Discussion in 'Himalayan Imports' started by warty, Aug 27, 2010.

  1. warty

    warty

    Mar 2, 2010
    This is a very comfortable blade to hold and swing. It makes a great machete, I cleared the side of my house (after the pix) of tall weeds easily with it and chopped the flower stalks out of my four yuccas. No damage to the blade at all from the yucca stalks and if you don't know, they are tough to cut. The blade came to me quite sharp already, no just serviceable but just right for a machete. Personally, I don't want those to be like a razor since they tend to stick in a larger, thicker piece of woody weed rather than pass through. When they stick it can be dangerous to try and dislodge the blade so I prefer to try and not let them stick at all.

    [​IMG]

    [​IMG]

    nice, comfy horn handle...
    [​IMG]

    have a frosty one! :D
    [​IMG]

    The Parang has a nice weight to it too. It feels good to swing and the handle is made to fit the hand perfectly, at least my hand. It also has a nice balance to it. I have found that both Tirtha and Santosh have the touch when it comes to making a balanced blade. They have the ability to take even the heaviest blade and make them feel like they are light as a feather.

    thought I'd add this picture to show all of the "Big Blades" of HI...
    [​IMG]
    {T=>B}
    Cherokee Rose Bowie (Vim)
    Bamboo Cutter (Young Sher)
    Giant Seax (Santosh)
    Bob White Bolo (Sher, The Tiger)
    Parang (Tirtha)
    Jungle Knife (Lok)
    Annapurna Bowie (Lok)​
     
    Last edited: Aug 27, 2010
  2. heinlein

    heinlein

    402
    Aug 23, 2010
    I doubt if it is the most capable of the bunch; but the middle one is the one I like the looks of best.

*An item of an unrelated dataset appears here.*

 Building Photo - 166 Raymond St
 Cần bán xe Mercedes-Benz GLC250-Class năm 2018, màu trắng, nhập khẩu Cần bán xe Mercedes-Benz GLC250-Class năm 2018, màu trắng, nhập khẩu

Do you mind sharing the usual specs., what is it, which Kami, length, weight etc..
     
  3. warty

    warty

    Mar 2, 2010
    That is a Sher Bob White Bolo and I would need to measure it for all the specs of you could work it out via relative sizes...
     
  4. killa_concept

    killa_concept

    May 19, 2009
    Awesome stuff Warty! Did you perchance have a shot of the spine? I believe the DotDs have been listing it as 1/4" - what's your opinion on that level of spine thickness? Funny that I think that to be a tad slender - only by HI standards right? :p
     
  5. warty

    warty

    Mar 2, 2010
    no picture of the spine but that seems right... there is plenty of meat there, I think this makes the Parang what it is supposed it be though, nice and light. I think the whole deal is a perfect package myself. The over all weight is just right and so is the balance. This is a great interpretation of a nice blade that I already have a few of in my collection from more traditional sources. In fact, I would wager this is likely the least "interpreted" of all the HI blades taken from elsewhere in the world.
     
  6. ozbladefan

    ozbladefan

    47
    Mar 3, 2010
    Another great review there Warty complete with fantastic pics as always. I do like the look of that Parang, they are certainly a very handy style of blade to have. The one I have is not HI , but has proven its worth on many a camping trip. I think that Bob white Bolo is very impressive indeed.
     
  7. Yangdu

    Yangdu [email protected] Himalayan Imports-Owner Moderator

    Apr 5, 2005
    Great pix and review,
    thank you
     
  8. warty

    warty

    Mar 2, 2010
    sorry this took me so long to do but I finally was able to take a picture of the spine contrasted to my ASTK-V...

    [​IMG]

    Hope this helps. I can tell you that I have been using this a fair bit since I did the review and it can limb a branch like no other blade I own. I had to remove a few more bigger branches from a pine tree and decided after I chopped them out with the parang (which went quite well and was a lot easier than one of the heavier blades in the tight space of that tree) that I would see how well it stripped the branches of their smaller limbs. It was like using a laser on everything 2inches and smaller and anything any bigger than two but smaller than 3 only took two easy swings. Like the tamang, I believe a thinner blade makes things easier when doing this kind of chopping. With the extra weight that the parang brings with it over the tamang, I think of it as the perfect complimentary blade for my tamang. I would like to see about getting a parang with a less shiny, more villager type finish and perhaps a wood handle (though as I have noted this horn one is very comfortable and nice) for variety.
     
  9. Ugly Duck

    Ugly Duck

    568
    Oct 6, 2008
    Drool....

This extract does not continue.